Much of the past discussion has focused on the following argument that the results do not make sense: suppose that there are m men and w women.  Model the heterosexual partnerships between them with a bipartite graph, with a vertex for each of the m men in one partite set, a vertex for each of the w women in the other partite set, and an edge between vertices representing the two corresponding people having had sex with each other in their lifetimes.  Let t be the total number of edges in this graph (i.e., the total number of sexual partnerships).  Then the average number of female partners per male is t/m, and the average number of male partners per female is t/w.

If $m = w$, that is, if there are an equal number of men and women, then these averages are the same.  More importantly, even if $m \neq w$, then the averages differ only by the ratio of the two population sizes, not by any measure of promiscuity of one or the other.

Given this, how can we explain the nearly 2:1 ratio suggested by the British study?  And what can be said about the difference of medians (7 for men, 4 for women) indicated by the CDC study?  (There was some unfortunate confusion about the distinction between mean and median that generated more heat than light; you can read more at this apparently now-abandoned blog.)

Regarding the British study, there are really only three possibilities:

1. There are nearly twice as many women as men in the surveyed population.  I am reasonably confident that this is not the case.
2. Survey respondents reported partnerships with persons outside the population being sampled.  Prostitution (men reporting sex with prostitutes that were not themselves surveyed) and survivor bias (reporting partners who are now dead and thus were obviously not surveyed) are two specific explanations along these lines.  But I think neither is sufficient to explain the extent of discrepancy.  For prostitution to be the primary cause of the difference, for example, every man in the survey would have to report an average of about 6 encounters with prostitutes!  (Or half of the men would need to report about 12 encounters, etc.)
3. Respondents were simply dishonest.  I think this is by far the most plausible explanation, as suggested by McArdle, as well as by David Gale, the mathematician at Berkeley who contributed to the debate.  Men tend to inflate their sexual histories, and women tend to minimize theirs.

Finally, regarding the CDC survey, reporting the median vs. the mean does have the potential to provide more insight into what is happening… but I hesitate to trust these results at all, for two reasons.  I wonder how many people bothered to actually read the paper in question, available here.  In the main text of the paper, the medians of 7 and 4 for men and women, respectively, are indeed mentioned.  However, close inspection of the more detailed tables at the end of the paper reveals some interesting things.

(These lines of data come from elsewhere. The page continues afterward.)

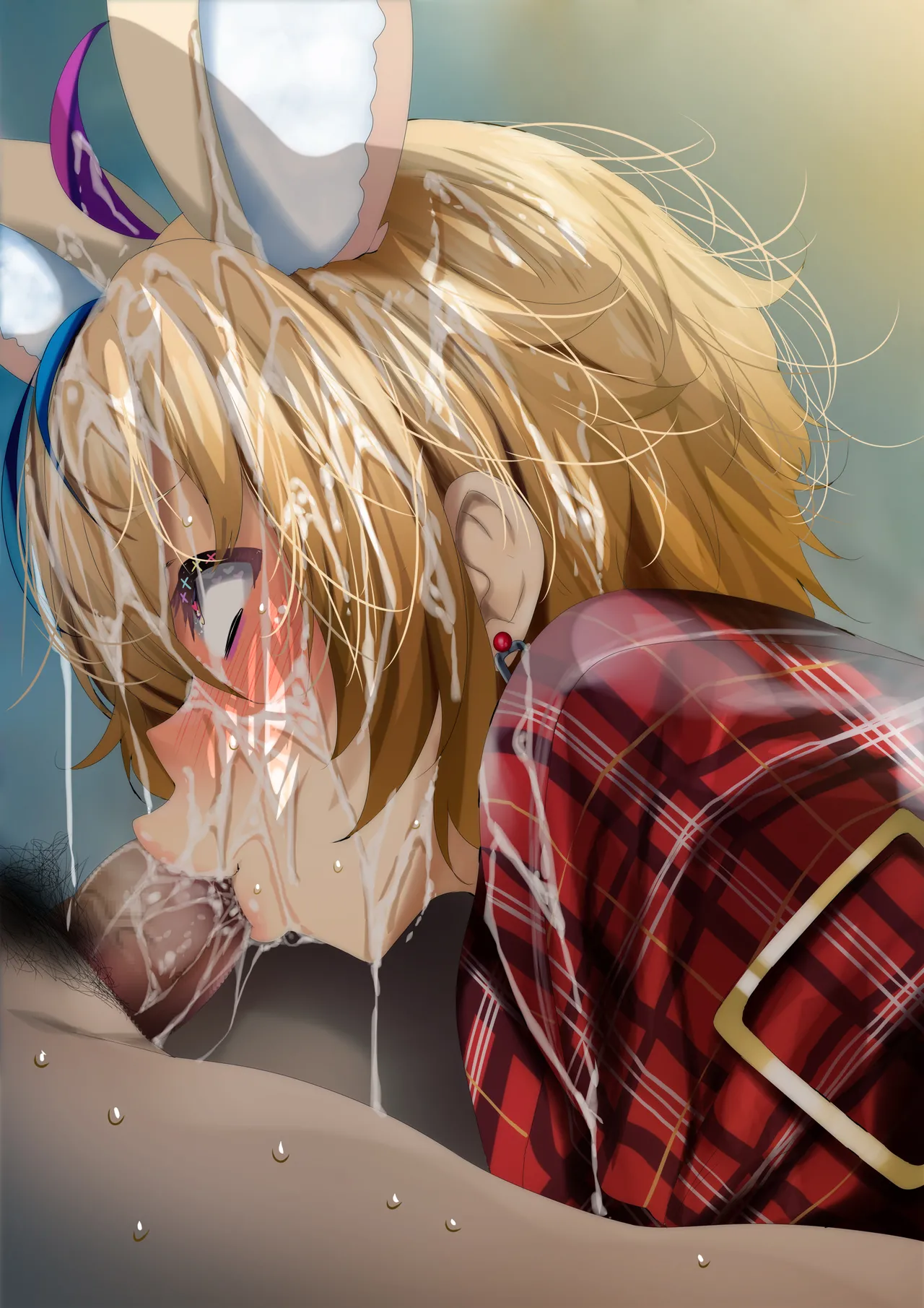 尾●ポ●カ page 2 full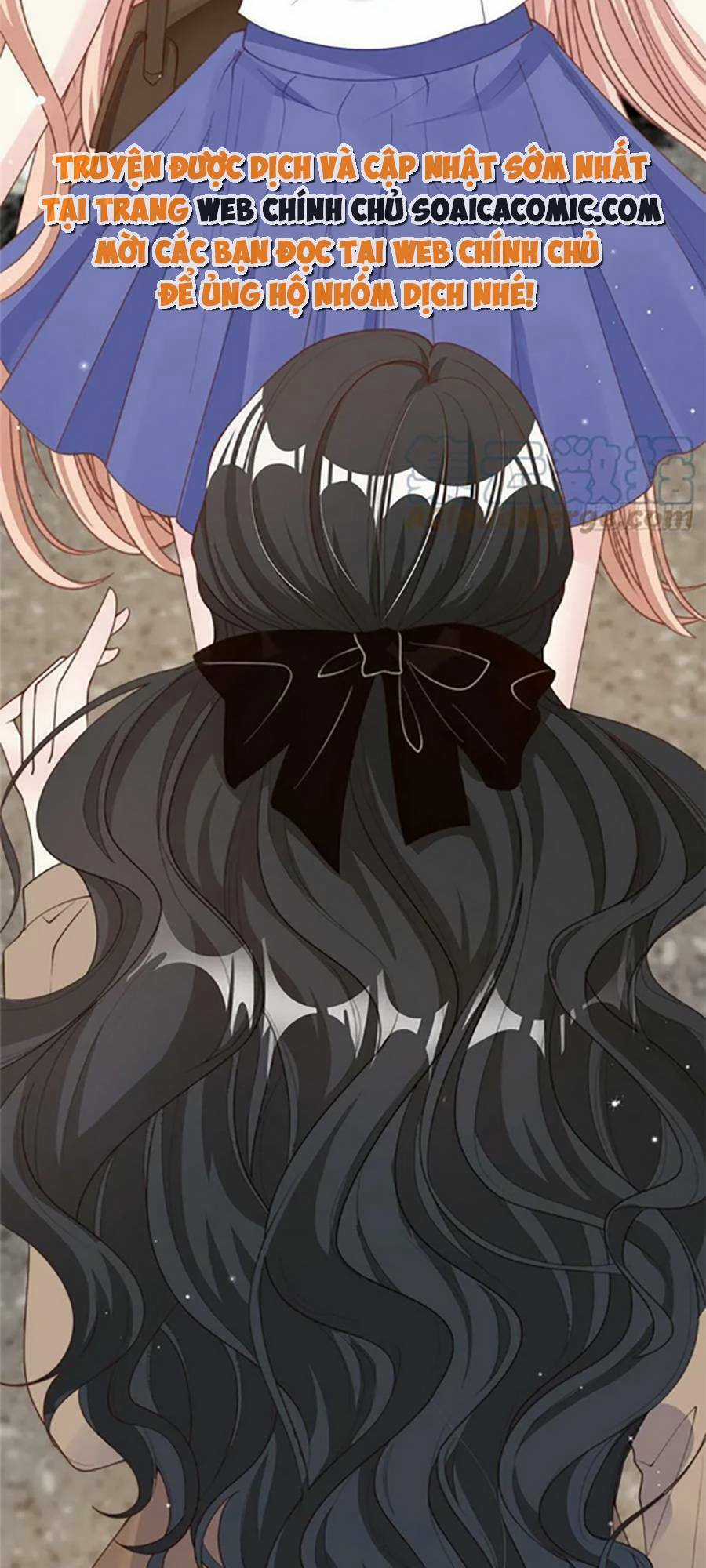 Tôi Được Năm Đại Lão Chiều Chuộng Hết Nấc Chapter 89 trang 5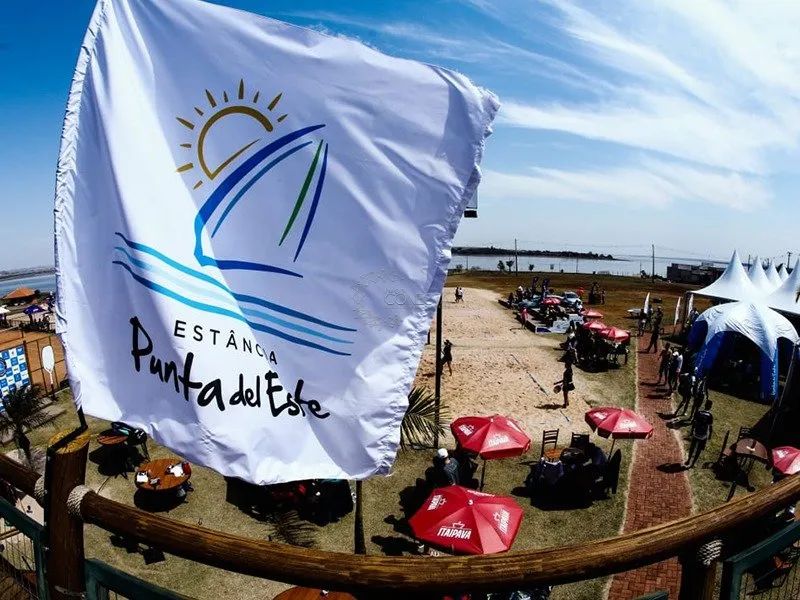Terreno Molhado | Estância Punta del Este - Foto 5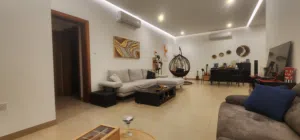 Hey There! Need a flatmate for my 2 BHK pad in Ghala! Sharing 2 bedroom apartment with private rooms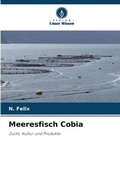 Cover: Meeresfisch Cobia - Verlag Unser Wissen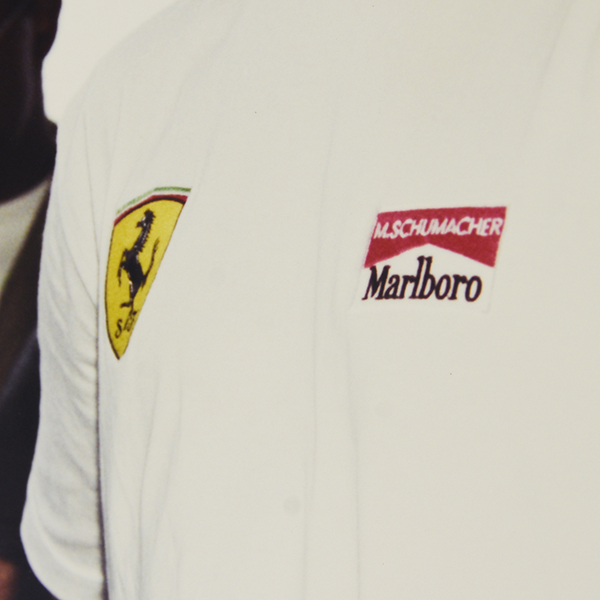 Scuderia Ferrari1996 ץ쥹ե-M.塼ޥå with꡼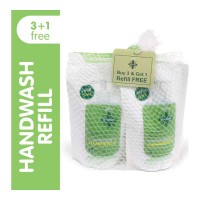 GODREJ PROTEKT MASTERCHEFS HANDWASH COMBO 720.00 Ml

First, the median numbers of partners are given as… 6.8 and 3.7, respectively.  Did the authors round these values to 7 and 4?  More importantly, I admit to being confused about how the median of a set of integers can be anything other than another integer or an integer plus 0.5.

Also, a footnote below the tables indicates that “median values exclude [respondents] with no… sexual partners.”  It is not clear to me why this was done, particularly considering that one of the categories into which responses were grouped was “0-1 partners.”

In summary, I think it is certainly interesting to consider how men’s and women’s sexual experiences differ, “in distribution,” so to speak; how men and women view their sexual histories; and how they share and/or distort them with each other.  But I don’t think either of the studies discussed here succeed in shedding much light on those issues.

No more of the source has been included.